Moonshot ships Kimi-K2.7-Code with its routed experts already INT4 (compressed-tensors, group-size 32, QAT) and everything else in bf16 — about 595 GB. The community MLX conversions either keep the experts at 4-bit and so need ~600–768 GB of memory (don't fit a single 512 GB box), or drop uniformly to ~3.5-bit.

This build takes a different route:

  • Re-quantizes from the INT4 master correctly. mlx-lm mishandles compressed-tensors checkpoints during re-quantization (#907) — asking for 3-bit yields 4.99 bpw / 640 GB. We dequantize the packed INT4 experts in-memory before re-quantizing, so the experts actually land below 4-bit.
  • Spends bits where they matter. Routed experts (≈99% of params) go to 3-bit; the residual-writing down_proj is upgraded to 4-bit on a spread of 16 layers (the most quantization-sensitive expert projection); attention (MLA), shared experts, the dense layer and the embeddings/head all stay at 6-bit; the MoE router stays bf16.

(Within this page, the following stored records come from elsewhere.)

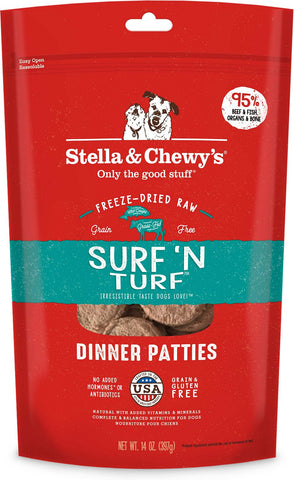 Stella & Chewy's Surf N' Turf Freeze-Dried Dog Food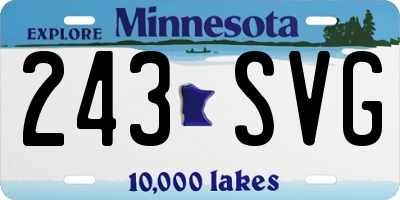 MN license plate 243SVG
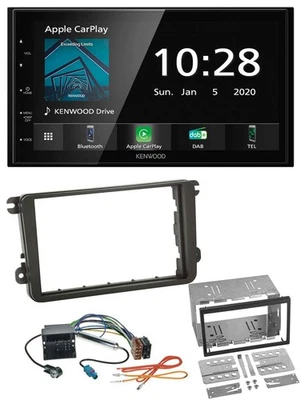 Kenwood Bluetooth MP3 DAB USB 2DIN Autoradio für VW Caddy Golf 5 6 Jetta ab 2003 - Bild 1 von 4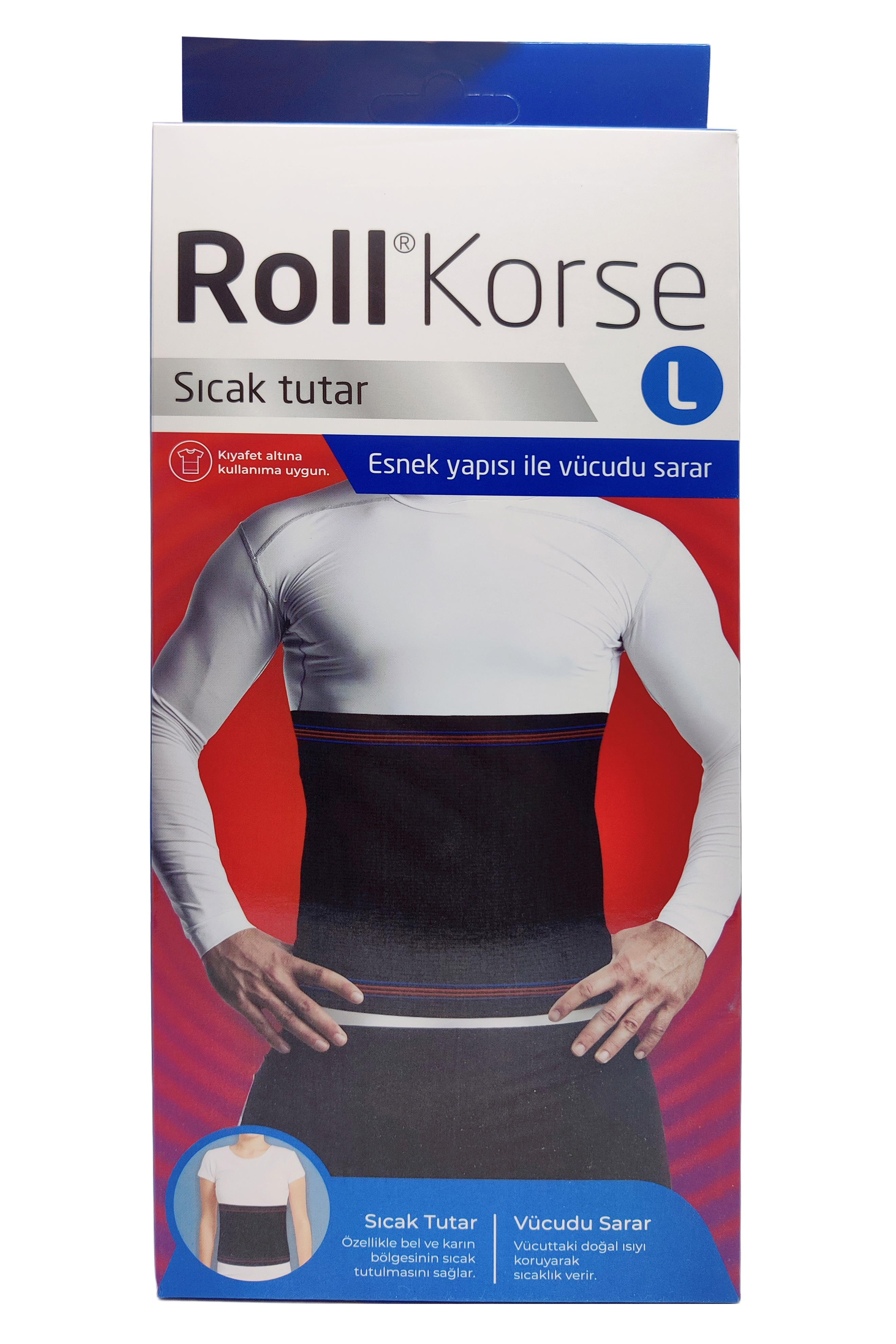 RollRoll Yün Korse - LargeRoll Yün Korse - Large Fiyatı ve Özellikleri | Mutlufiyatlar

The result is a genuinely 512-GB-class build that keeps reasoning and coding quality intact.

Recipe (verified from the output config.json)

recipe

Component Params share Bits Group
Routed experts gate_proj / up_proj bulk 3-bit 64
Routed experts down_proj bulk 4-bit on 16 / 60 layers, 3-bit on the rest 64
Attention (MLA q_a/q_b/kv_a/kv_b/o) small 6-bit 64
Shared expert · dense MLP (layer 0) small 6-bit 64
Token embedding · LM head small 6-bit 64
MoE router gate tiny bf16 (never quantized)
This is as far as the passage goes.